Akses keadilan sebagai salah satu hak dasar yang bersifat universal, yang ditujukan bagi masyarakat kurang mampu dan termarjinalisasi, agar mereka dapat menggunakan sistem hukum untuk meningkatkan hidupnya. Karena itu pengalaman di berbagai negara dalam memberikan bantuan hukum bagi warga negara yang tergolong miskin atau tidak mampu adalah relevan dalam mewujudkan negara hukum yang demokratis. Hal ini tentu saja berlaku bagi Negara Republik Indonesia yang juga merupakan negara hukum yang demokratis (konstitusionalisme).

Fakta empiris menunjukkan bahwa dalam masyarakat telah terdapat berbagai lembaga bantuan hukum baik berupa lembaga swadaya masyarakat maupun yang dikelola oleh fakultas hukum di perguruan tinggi yang telah memberikan bukti konkret dan kontribusi luar biasa terhadap warga negara Indonesia yang miskin atau tidak mampu untuk mendapatkan akses keadilan.
Selain itu, terdapat juga ribuan advokat yang menurut UU 18 / 2003, diwajibkan untuk memberikan bantuan hukum secara cuma-cuma bagi orang yang tidak mampu.
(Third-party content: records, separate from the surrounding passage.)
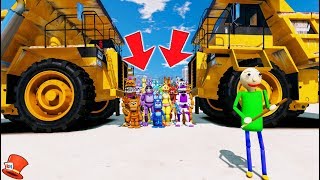 WILL BALDI CRUSH ALL THE ANIMATRONICS GTA 5 Mods FNAF RedHatter [upl. by Neirad]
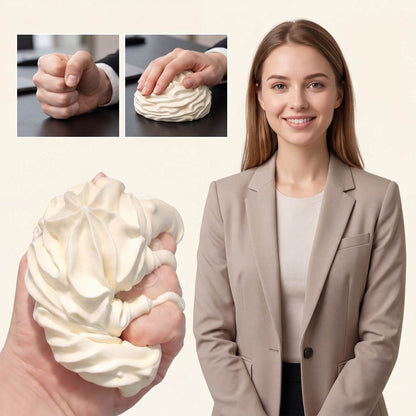 Cream White Swirl Squishy Ball squeeze lifestyle by Monsclub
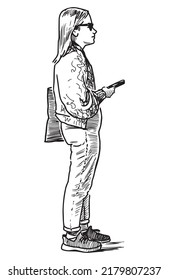 Hand drawing of casual modern teen girl with smartphone standing outdoors 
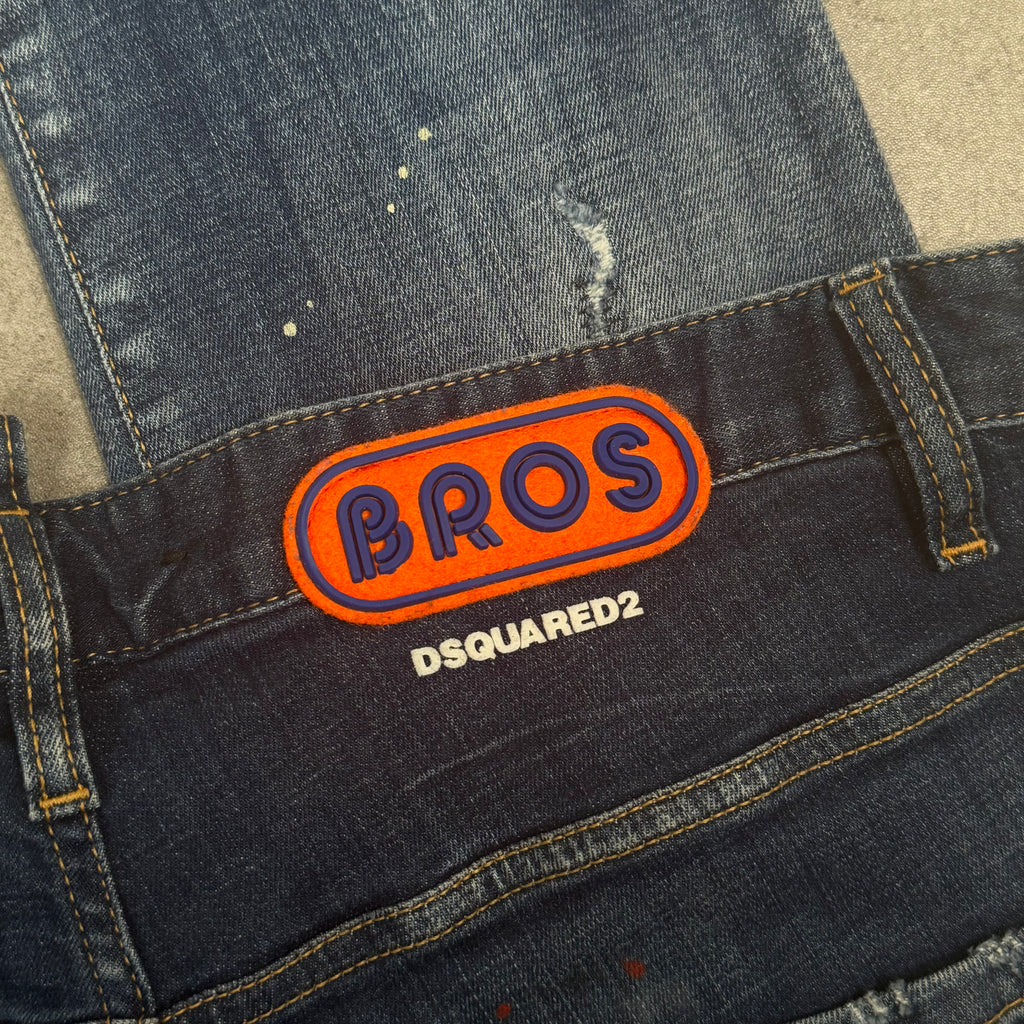Dsqaured2 Blue Splatter Jeans - 34w
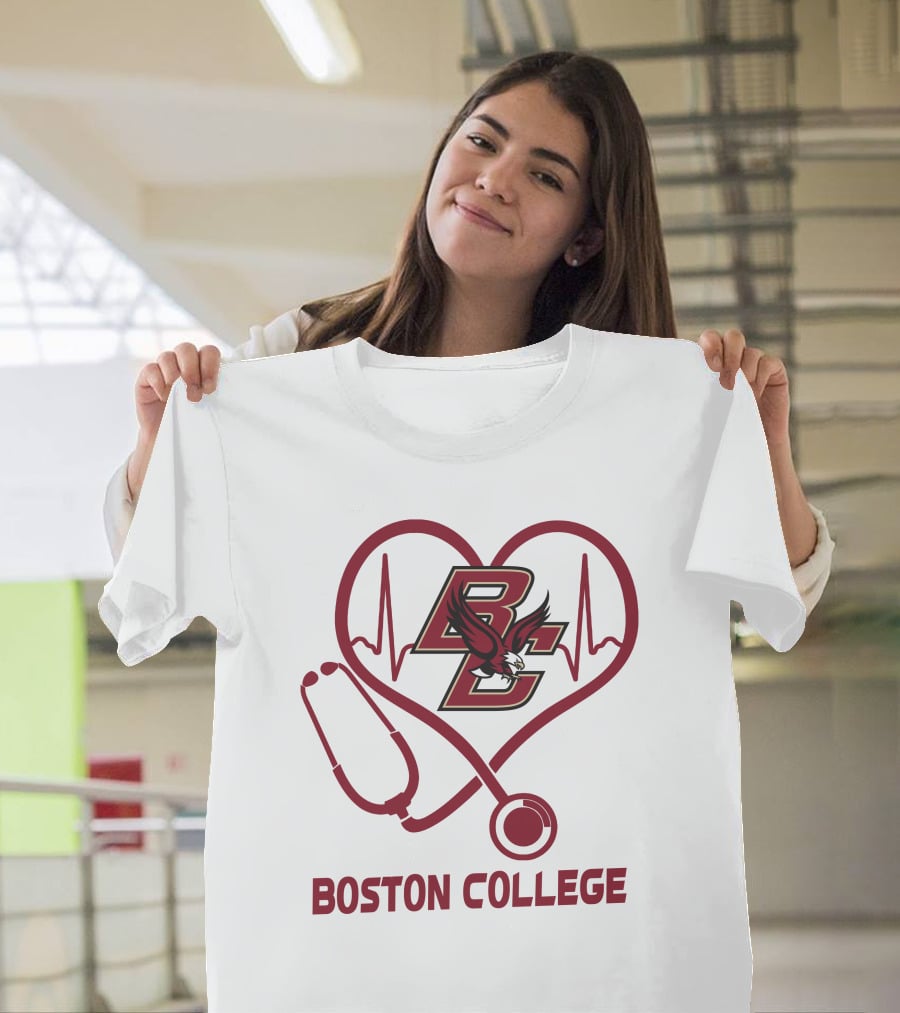 Nurse Heartbeat Love Boston College Eagles T-Shirt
Akan tetapi, mengingat besarnya jumlah penduduk Indonesia yang mencapai 220 juta jiwa serta jumlah penduduk miskin yang mencapai 32 juta jiwa serta wilayah Indonesia yang sedemikian luas, akses keadilan bagi mereka yang tergolong miskin atau tidak mampu masih jauh dari tingkat yang ideal.
Secara kuantitatif, rasio antara advokat dan jumlah penduduk Indonesia saat ini masih sangat timpang. Menurut catatan resmi di Mahkamah Agung Republik Indonesia, jumlah advokat sampai dengan tahun 2005 berjumlah kurang dari 30.000 orang, bandingkan dengan jumlah penduduk Indonesia yang mencapai 220 juta jiwa.
Tujuan penyusunan kebijakan Bantuan Hukum adalah untuk menjamin dan memenuhi hak bagi fakir miskin untuk mendapatkan akses keadilan, baik di dalam maupun di luar proses peradilan; mewujudkan hak konstitusional warga negara sesuai dengan prinsip persamaan di hadapan hukum: menjamin kepastian penyelenggaraan bantuan hukum dilaksanakan secara merata di seluruh wilayah Negara Republik Indonesia; dan mewujudkan peradilan yang efektif, efisien, dan dapat dipertanggungjawabkan.